Testcase needs comment explaining what it's checking for.

vitalybuka marked 3 inline comments as done.

efriedma's comments

efriedma edited edge metadata.Jun 20 2017, 12:10 PM

Hmm, actually, thinking about it a bit more, I'm not sure this patch is right.

If you were to assume that out-of-bounds loads return undef rather than have undefined behavior, this patch would be unnecessary. There's only one memcpy that writes to the alloca. That memcpy writes N known bytes to the alloca. Any other instruction which accesses the alloca is either reading one of those N bytes, or returns undef, so the returned values are consistent with reading directly from the global.

Of course, that isn't the world we live in; we can't speculate out-of-bounds loads. Therefore, the safety check needs to make sure we aren't introducing any such loads. There are a couple of ways to do that:

  1. Prove that the constant pointer points to at least sizeof(alloca type) bytes of memory. The loads in the rewritten code are out-of-bounds only if they were out-of-bounds in the original code.
  2. Ensure that every load is dominated by the initializing memcpy, and the memcpy copies at least sizeof(alloca type) bytes of memory. If the memcpy is copying too many bytes, it's immediately undefined behavior. Any load dominated by the memcpy is one of the following: in-bounds in the original code, out-of-bounds in the original code, or dominated by undefined behavior.

This patch implements (2)... but only partially: it's missing the dominance check. Testcase something like this:

const char x[1] = { 3 };
char z[10];
int f(bool this_is_false) {
  char y[10];
  if (this_is_false) memcpy(y, x, 10); 
  memcpy(z, y, 10); 
}
lib/Transforms/InstCombine/InstCombineLoadStoreAlloca.cpp
175 ↗(On Diff #103133)

getZExtValue() will crash on very large lengths.

176 ↗(On Diff #103133)

This assertion doesn't seem justified; sure, the memcpy has undefined behavior, but that shouldn't crash the compiler.

vitalybuka marked 2 inline comments as done.Jun 20 2017, 2:11 PM

Hmm, actually, thinking about it a bit more, I'm not sure this patch is right.

If you were to assume that out-of-bounds loads return undef rather than have undefined behavior, this patch would be unnecessary. There's only one memcpy that writes to the alloca. That memcpy writes N known bytes to the alloca. Any other instruction which accesses the alloca is either reading one of those N bytes, or returns undef, so the returned values are consistent with reading directly from the global.

We have problem with code like this which just crashes even without sanitizers:

const char KKK[] = {1, 1, 2};
char bbb[100000];

void test2() {
  char cc[sizeof(bbb)];
  memcpy(cc, KKK , sizeof(KKK));
  memcpy(bbb, cc, sizeof(bbb));
}

Of course, that isn't the world we live in; we can't speculate out-of-bounds loads. Therefore, the safety check needs to make sure we aren't introducing any such loads. There are a couple of ways to do that:

  1. Prove that the constant pointer points to at least sizeof(alloca type) bytes of memory. The loads in the rewritten code are out-of-bounds only if they were out-of-bounds in the original code.

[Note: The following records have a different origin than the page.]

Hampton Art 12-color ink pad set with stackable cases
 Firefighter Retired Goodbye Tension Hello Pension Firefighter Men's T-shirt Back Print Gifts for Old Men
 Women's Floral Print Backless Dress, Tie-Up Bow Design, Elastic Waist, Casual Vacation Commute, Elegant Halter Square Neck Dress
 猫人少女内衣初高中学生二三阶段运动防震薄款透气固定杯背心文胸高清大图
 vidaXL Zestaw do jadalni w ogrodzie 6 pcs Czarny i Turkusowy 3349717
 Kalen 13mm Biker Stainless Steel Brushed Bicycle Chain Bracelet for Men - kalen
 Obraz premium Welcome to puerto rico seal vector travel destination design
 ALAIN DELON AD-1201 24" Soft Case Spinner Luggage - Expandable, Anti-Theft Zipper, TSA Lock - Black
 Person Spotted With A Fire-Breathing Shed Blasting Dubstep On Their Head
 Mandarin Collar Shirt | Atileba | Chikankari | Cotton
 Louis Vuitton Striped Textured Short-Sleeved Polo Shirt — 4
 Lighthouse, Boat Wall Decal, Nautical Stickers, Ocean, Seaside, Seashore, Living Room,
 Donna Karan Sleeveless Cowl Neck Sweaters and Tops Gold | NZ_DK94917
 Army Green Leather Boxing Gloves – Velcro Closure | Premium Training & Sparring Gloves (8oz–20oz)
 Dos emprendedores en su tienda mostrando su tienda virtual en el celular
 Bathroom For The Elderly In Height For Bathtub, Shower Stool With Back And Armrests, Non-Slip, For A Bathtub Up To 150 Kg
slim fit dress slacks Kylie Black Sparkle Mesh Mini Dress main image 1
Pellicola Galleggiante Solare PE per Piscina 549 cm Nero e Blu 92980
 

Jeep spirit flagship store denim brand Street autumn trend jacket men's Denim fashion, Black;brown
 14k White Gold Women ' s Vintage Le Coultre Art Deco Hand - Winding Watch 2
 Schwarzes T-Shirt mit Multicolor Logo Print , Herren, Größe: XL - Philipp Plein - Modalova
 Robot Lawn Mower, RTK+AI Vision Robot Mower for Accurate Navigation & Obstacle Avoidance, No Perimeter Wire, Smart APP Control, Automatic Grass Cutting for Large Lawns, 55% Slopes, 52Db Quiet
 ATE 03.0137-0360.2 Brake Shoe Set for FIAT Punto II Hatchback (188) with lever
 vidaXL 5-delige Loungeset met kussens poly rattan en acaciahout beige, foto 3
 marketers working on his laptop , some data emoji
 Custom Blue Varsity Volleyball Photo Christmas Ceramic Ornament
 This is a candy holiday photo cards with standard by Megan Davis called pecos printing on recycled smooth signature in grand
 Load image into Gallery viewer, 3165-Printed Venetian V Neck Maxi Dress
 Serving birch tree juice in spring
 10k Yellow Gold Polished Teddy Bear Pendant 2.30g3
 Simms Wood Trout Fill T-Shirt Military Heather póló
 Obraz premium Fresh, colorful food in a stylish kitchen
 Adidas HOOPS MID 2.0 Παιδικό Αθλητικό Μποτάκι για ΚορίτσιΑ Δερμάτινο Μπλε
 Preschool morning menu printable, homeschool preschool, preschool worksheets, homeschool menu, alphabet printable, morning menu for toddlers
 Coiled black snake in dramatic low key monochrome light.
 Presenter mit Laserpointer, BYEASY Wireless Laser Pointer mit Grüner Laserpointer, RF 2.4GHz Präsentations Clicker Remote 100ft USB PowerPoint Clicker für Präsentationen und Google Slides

Yes, but seems this requires more work, and I will have no time to do that any time soon.

  1. Ensure that every load is dominated by the initializing memcpy, and the memcpy copies at least sizeof(alloca type) bytes of memory. If the memcpy is copying too many bytes, it's immediately undefined behavior. Any load dominated by the memcpy is one of the following: in-bounds in the original code, out-of-bounds in the original code, or dominated by undefined behavior.

This patch implements (2)... but only partially: it's missing the dominance check. Testcase something like this:

const char x[1] = { 3 };
char z[10];
int f(bool this_is_false) {
  char y[10];
  if (this_is_false) memcpy(y, x, 10); 
  memcpy(z, y, 10);
}

This is probably separate issue. And I am not sure if understand the problem. If we get to "memcpy(z, y, 10);" without "memcpy(y, x, 10);" I'd expect we don't care if "y" is uninitialized bytes or global constant. We will have no buffer overflow which I am trying to fix.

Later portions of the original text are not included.